Aspect 22: An integrated device comprising a die substrate, a die interconnection portion coupled to the die substrate, an inductor and a shield structure. The shield structure comprises a shield frame and a plurality of shield branches coupled to the shield frame, wherein at least one shield branch from the plurality of shield branches comprises a repeating wave shape.
Aspect 23: The integrated device of aspect 22, wherein another shield branch from the plurality of shield branches comprises a repeating step wave shape.
Aspect 24: The integrated device of aspects 22 through 23, wherein the plurality of shield branches comprises a first plurality of shield branches coupled to a first portion of the shield frame, wherein the first plurality of shield branches extend away from the first portion of the shield frame in a first direction; a second plurality of shield branches coupled to a second portion of the shield frame, wherein the second plurality of shield branches extend away from the second portion of the shield frame in a second direction that is opposite to the first direction; a third plurality of shield branches coupled to a third portion of the shield frame, wherein the third plurality of shield branches extend away from the third portion of the shield frame in a third direction that is orthogonal to the first direction; and a fourth plurality of shield branches coupled to a fourth portion of the shield frame, wherein the fourth plurality of shield branches extend away from the fourth portion of the shield frame in a fourth direction that is opposite to the third direction.
Aspect 25: A method for fabricating an integrated device. The method provides a die substrate. The method forms a die interconnection portion coupled to the die substrate, where forming the die interconnection portion includes forming a plurality of die interconnects. The plurality of die interconnects comprises an inductor and a shield structure. The shield structure includes a shield frame and a plurality of shield branches coupled to the shield frame, wherein at least one shield branch from the plurality of shield branches comprises a repeating wave shape.

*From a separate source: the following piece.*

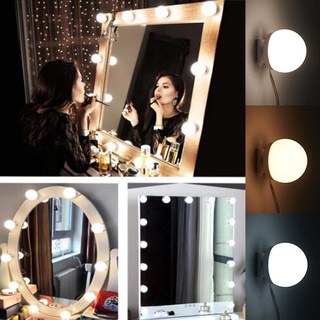 ไฟติดกระจกแต่งหน้า กระจก ไฟแต่งหน้า 10Led Mirror Lights ไฟติดโต๊ะเครื่องแป้ง ไฟติดกระจก ปรับสีได้3สี ใชไฟUSB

Aspect 26: The method of aspect 25, wherein the at least one shield branch from the plurality of shield branches comprising a repeating wave shape comprises a repeating step wave shape.
Aspect 27: The method of aspect 25, wherein another shield branch from the plurality of shield branches comprises a repeating step wave shape.
Aspect 28: The method of aspects 25 through 27, wherein at least a portion of the shield frame defines an outer perimeter of the shield structure, and wherein the plurality of shield branches are a plurality of inner shield branches.
The various features of the disclosure described herein can be implemented in different systems without departing from the disclosure. It should be noted that the foregoing aspects of the disclosure are merely examples and are not to be construed as limiting the disclosure. The description of the aspects of the present disclosure is intended to be illustrative, and not to limit the scope of the claims. As such, the present teachings can be readily applied to other types of apparatuses and many alternatives, modifications, and variations will be apparent to those skilled in the art.